“Look! Over there! At that shiny object!”

In a prime example of misdirection, Wal-Mart’s PR team came out yesterday proudly extolling the newly-energy-efficient truck fleet which the company claims will cut emissions significantly. Hooray for lower emissions! But there’s a fly on the windshield of this shiny new PR move: Wal-Mart still has not released the sustainability report that was supposed to come out almost a month ago. The reason for the delay? The company hadn’t realized how “complex” environmental-friendliness is. In addition, the company has failed to fulfill the vast majority of the 2005 promises to which this AP article alludes, including a promise to use more hybrid trucks, which emit even less CO2 than cleaned-up diesels. Whatever ovetures the company may make to going green, we want less spin, more action.

Wal-Mart Truck Fleet Rolls Fuel Savings [Associated Press via Forbes]

Wal-Mart Chief Executive Lee Scott laid out ambitious environmental goals in late 2005 as the world’s largest retailer sought to burnish its reputation against mounting criticism.

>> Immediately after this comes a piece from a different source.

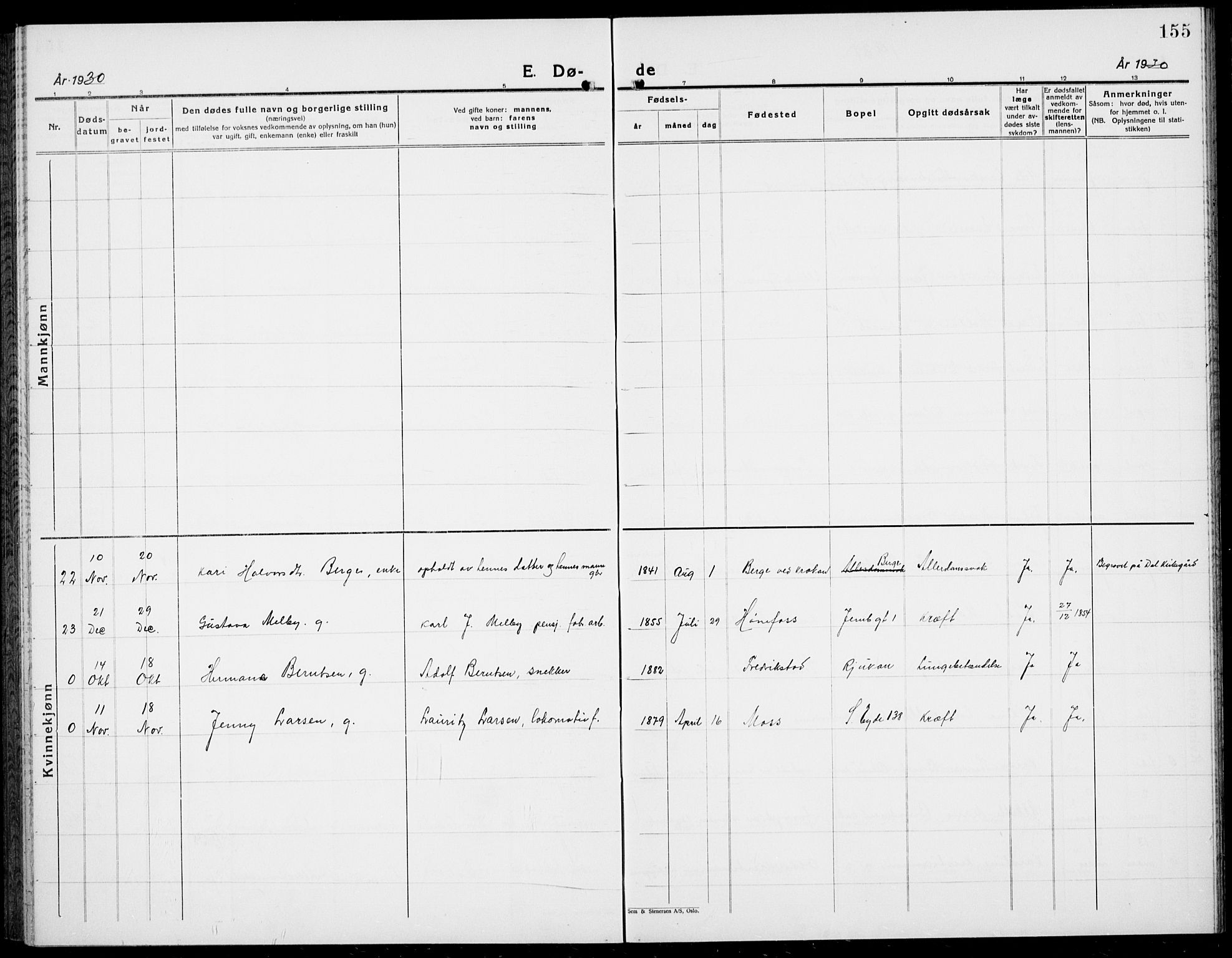 Rjukan kirkebøker, AV/SAKO-A-294/G/Ga/L0005: Parish register (copy) no. 5, 1928-1937, p. 155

Nearing the two-year mark, Wal-Mart Stores Inc. is still compiling a major report on how far it has come with the program overall, including reducing waste, using more renewable energy and stocking more green products.

But one division says it is already well under way to meet its goals. Wal-Mart’s fleet of about 7,200 semitractor-trailer trucks is already about 15 percent more fuel efficient and the company knows what changes it needs to make to meet a target of 25 percent by late next year.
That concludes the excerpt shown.